She added that at the moment they haven’t been able to assess whether there has been any damage to the shop’s stock, with this potentially having a long-term impact. “We currently have no access to check everything is okay in the shop, to any of our stock, paperwork or records. We have no income but still have outgoings and as small as this loss of time and money may seem to some, it can be difficult to recover from as a small business.”
In a statement, Julie Cathcart, communications manager at CCA, said: “We are expecting an update next week from Glasgow City Council with regards to the cordon. We hope to reopen as soon as possible and will update as soon as we know more. Thank you to all the organisations and individuals who have offered support to us, our programme partners and our cultural tenants.”

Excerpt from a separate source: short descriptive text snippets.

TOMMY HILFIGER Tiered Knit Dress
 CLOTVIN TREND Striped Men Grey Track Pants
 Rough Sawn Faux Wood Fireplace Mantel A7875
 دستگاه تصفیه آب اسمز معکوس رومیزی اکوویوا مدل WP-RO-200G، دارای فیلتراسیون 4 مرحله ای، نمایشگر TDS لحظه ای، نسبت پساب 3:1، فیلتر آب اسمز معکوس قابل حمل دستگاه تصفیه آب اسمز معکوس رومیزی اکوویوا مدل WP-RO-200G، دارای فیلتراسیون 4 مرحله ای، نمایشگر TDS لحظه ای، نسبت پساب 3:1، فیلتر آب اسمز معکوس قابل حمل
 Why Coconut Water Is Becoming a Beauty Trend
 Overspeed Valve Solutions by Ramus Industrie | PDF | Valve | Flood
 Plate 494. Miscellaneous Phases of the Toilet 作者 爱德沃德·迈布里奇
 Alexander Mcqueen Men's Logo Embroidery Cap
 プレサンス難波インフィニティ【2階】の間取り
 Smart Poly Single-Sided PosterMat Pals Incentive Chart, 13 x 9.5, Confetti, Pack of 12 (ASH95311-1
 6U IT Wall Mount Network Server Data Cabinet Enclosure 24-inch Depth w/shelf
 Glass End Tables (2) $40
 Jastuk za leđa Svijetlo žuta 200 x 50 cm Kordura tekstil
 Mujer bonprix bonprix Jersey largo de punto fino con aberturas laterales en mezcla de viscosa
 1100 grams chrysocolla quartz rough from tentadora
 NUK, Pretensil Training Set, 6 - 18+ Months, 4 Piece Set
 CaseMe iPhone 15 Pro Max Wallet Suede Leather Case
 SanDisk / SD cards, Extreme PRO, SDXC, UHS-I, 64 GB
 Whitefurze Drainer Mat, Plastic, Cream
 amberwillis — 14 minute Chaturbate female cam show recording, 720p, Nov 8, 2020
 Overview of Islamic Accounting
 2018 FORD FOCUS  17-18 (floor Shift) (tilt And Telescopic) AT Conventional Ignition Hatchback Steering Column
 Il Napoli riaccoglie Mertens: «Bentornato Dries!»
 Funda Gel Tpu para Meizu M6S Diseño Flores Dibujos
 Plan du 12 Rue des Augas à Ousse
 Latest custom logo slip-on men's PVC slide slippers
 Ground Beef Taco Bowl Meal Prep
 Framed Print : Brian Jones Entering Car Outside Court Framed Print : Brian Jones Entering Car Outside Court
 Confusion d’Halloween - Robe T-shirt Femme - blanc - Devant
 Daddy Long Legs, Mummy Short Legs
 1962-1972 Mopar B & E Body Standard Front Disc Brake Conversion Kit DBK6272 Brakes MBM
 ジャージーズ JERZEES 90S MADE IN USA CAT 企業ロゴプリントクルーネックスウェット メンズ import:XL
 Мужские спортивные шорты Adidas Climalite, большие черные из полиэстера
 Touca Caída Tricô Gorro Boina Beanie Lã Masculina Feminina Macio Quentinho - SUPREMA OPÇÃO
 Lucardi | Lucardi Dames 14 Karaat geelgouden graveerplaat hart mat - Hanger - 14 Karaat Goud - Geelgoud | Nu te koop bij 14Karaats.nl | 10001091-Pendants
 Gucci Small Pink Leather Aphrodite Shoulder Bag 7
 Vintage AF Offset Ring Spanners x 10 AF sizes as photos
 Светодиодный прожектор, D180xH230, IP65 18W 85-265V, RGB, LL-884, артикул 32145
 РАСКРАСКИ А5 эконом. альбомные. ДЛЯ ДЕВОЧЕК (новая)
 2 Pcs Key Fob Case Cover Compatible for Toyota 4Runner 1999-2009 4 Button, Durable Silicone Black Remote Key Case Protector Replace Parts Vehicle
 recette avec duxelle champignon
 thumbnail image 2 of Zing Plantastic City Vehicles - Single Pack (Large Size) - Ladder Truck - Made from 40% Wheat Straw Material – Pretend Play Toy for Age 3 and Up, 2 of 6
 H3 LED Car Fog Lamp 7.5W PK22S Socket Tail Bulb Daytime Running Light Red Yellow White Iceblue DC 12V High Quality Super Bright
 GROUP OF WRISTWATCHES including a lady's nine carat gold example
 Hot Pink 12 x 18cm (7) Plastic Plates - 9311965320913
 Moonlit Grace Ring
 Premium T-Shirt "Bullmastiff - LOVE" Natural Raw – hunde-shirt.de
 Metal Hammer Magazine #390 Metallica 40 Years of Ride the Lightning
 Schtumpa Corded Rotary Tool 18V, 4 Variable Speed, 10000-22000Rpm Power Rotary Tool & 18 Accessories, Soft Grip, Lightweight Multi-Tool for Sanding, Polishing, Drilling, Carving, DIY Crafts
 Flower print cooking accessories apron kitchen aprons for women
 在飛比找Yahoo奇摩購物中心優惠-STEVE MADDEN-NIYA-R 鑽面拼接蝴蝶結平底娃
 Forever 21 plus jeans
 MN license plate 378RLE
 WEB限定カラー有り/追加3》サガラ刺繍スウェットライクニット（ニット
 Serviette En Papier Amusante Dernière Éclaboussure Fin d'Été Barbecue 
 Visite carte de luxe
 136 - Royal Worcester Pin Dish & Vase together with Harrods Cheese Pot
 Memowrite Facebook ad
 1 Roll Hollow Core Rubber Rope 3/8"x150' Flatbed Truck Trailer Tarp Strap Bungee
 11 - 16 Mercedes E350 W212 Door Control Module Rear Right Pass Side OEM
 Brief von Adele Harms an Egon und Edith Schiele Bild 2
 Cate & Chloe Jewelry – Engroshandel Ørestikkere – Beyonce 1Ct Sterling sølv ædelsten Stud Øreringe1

However, the news that the Mackintosh building is to be partially demolished following the second fire is likely to impact further on the venue. Glasgow City Council has confirmed parts of the building need to be torn down after surveys found its structure had moved more than previously thought. The art school’s south facade is the most significantly affected, while the west gable end has continued to deteriorate. The east gable has also continued to move outwards.
Raymond Barlow, the council’s head of building control, said: “It has become urgent that we take down the south facade. As the process begins it will be likely that the other walls will also need to be reduced. We do not know what effect this will have on the rest of the building so I have to be clear this site remains dangerous and is becoming more dangerous.”
The impact of the fire continues to be felt by many other businesses in the area which have been unable to trade since the fire on 15 June, due to being inside the safety cordon around the fire-ravaged Mackintosh Building and the badly damaged 02 ABC gig venue.